A baby boy picks up a utensil. He calls it a fork, when it is actually a spoon. Is he wrong? How do we know that it is a spoon? What defines a spoon? The answer lies in the haecceity, or thisness of the spoon: it's characteristics and properties that define it. What gives things these characteristics and definitions? The only reason that we, as a society, know the difference between a spoon and a fork is because we were taught the characteristics of each as a young child and these notions have been passed down through generations and are reflected in dictionaries, etc. As defined by Garfinkel, the documentary method of interpretation is the method used to make sense of such social means such as why a spoon is understood to be a spoon among societies. This method helps us recognize patterns in social situations and rationalize things for ourselves while interpreting our surroundings. The forks and spoons that the baby plays with are reinforcing that the baby is in a kitchen. The patterns of cutlery, chairs, tables, food, etc., are all justification that the setting is a kitchen because of their relevancy to the kitchen environment.

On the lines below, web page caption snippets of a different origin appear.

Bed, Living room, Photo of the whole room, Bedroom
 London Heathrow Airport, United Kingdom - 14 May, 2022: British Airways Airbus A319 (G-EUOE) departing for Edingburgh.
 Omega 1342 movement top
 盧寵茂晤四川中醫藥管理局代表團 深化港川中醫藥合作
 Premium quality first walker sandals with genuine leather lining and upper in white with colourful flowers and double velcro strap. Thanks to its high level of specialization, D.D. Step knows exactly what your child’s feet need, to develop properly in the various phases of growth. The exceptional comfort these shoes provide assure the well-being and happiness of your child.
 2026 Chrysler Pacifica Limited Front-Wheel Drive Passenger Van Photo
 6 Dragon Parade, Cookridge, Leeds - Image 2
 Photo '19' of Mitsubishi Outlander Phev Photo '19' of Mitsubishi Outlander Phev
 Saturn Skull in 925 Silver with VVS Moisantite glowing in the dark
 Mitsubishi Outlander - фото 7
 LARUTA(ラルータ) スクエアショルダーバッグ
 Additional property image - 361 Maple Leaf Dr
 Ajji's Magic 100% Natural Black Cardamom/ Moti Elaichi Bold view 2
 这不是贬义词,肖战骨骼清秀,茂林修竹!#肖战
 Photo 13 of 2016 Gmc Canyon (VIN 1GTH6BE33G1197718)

In a review of Garfinkel's idea of ethnomethodology, John Heritage states that it is "utterly devoid of significant content [and is] preoccupied with narrow methodological concerns" (1986, pp 346). John also claimed that ethnomethodology was "lacking any methodology whatsoever, especially procedures of deciding validity and replicating accounts of the social world" (pp 347). I also found Grafinkel's terms within ethnomethodology very ambiguous and hard to understand. The definitions all seem very intertwined in that they all describe ways to rationalize and understand the social world in means that make sense to oneself.
Reference
Heritage, J 1986, Garfinkel and Ethnomethodology, vol. 15, no. 3, pp. 346-349, viewed 13 September 2012.